The seminar's theme is based on 'measure to manage'.
Come and listen to the expert debate, or visit the Yara stand and discuss how broad spectrum analysis, covering all three pillars of soil fertility, can make a big impact on your farm for little investment.
A desire to improve cropping decisions and create a more efficient business, led to the eager adoption of technology at Molescroft Grange Farm, east Yorkshire.
Starting with the N sensor in 2007, managing director Tamara Hall – true to her engineering background – has always seen the value of ‘measuring to manage’ on this 627-hectare family farm. Here we ask how she approaches the task:
Why is accurate decision-making so important to you?
My engineering background makes me see the farm in an objective way, not emotional, never clinging to tradition due to lack of confidence in new technology. Also, we have had a lot of livestock on the farm in the past, this leads to varied soil types and fertility which makes testing financially worth doing.
Which soil or tissue tests do you regularly conduct on-farm?

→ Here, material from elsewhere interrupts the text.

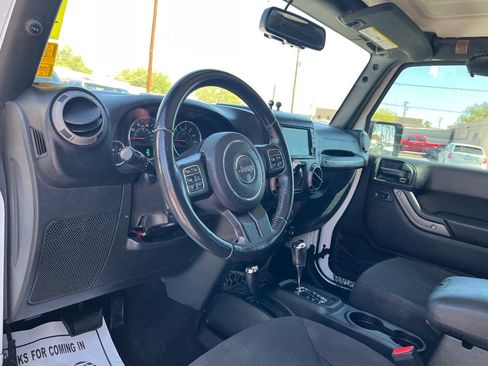 Used 2017 Jeep Wrangler Unlimited Sport w/ Quick Order Package 24S AWD/4WD image 21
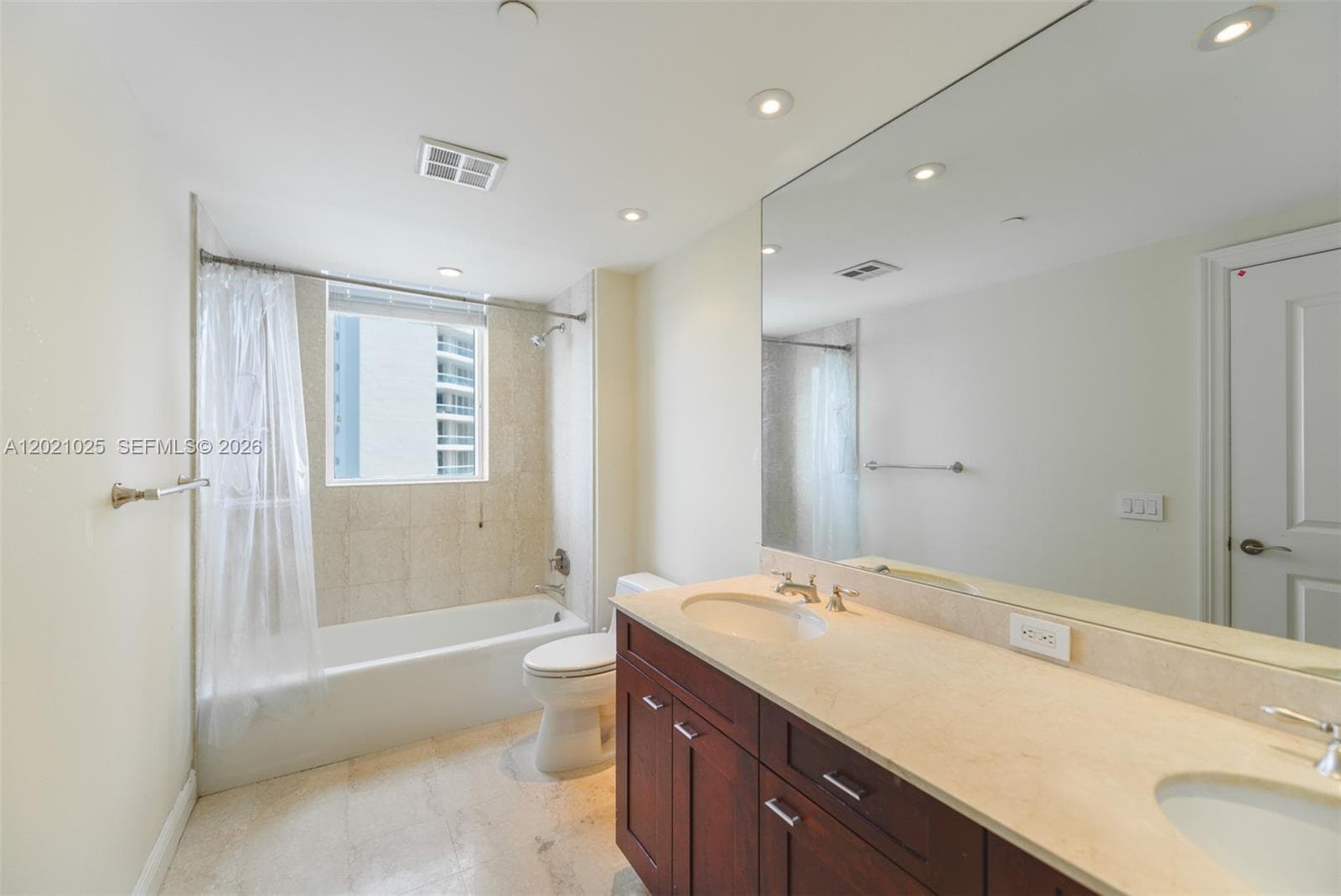 6000 Island Blvd # 1801, Aventura FL 33160 — 49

We test for P, K, pH and Mg – doing one test per hectare to create maps for variable fertiliser application – and we have conducted micronutrient tests, but fortunately nothing needed addressing. These soil tests will be backed up by foliar tests in 2017 to further check these nutrients which are clearly in the soil are actually available for uptake. We have also conducted organic matter tests and, as a result, have included three- to four-year grass leys to increase the amount of organic matter in the soil. The best thing we have done is check the soil type – this has taught us a lot.
What have these tests shown?
That soil condition is our limiting factor. We found the P and K results did not correlate as well as we expected with yield and we think this is because of our soil structure and drainage. We want to tackle these big things but also aim to look at leaf testing in 2017. I want to be able to address problems before plants show signs of any deficiency.
How have you utilised this knowledge?
Since starting testing in 2006 we have been able to reduce P and K use getting levels to where they should be (indices 2, 2.5). Now we just need to replace offtakes.
What benefits have you seen as a result of measuring?
Quantifiable results are always difficult – our yields are affected a lot by weather – but scientific research show plants yield better at the correct indices. Also we are no longer applying fertiliser where it is not needed – and where it might leach – so we are not wasting inputs.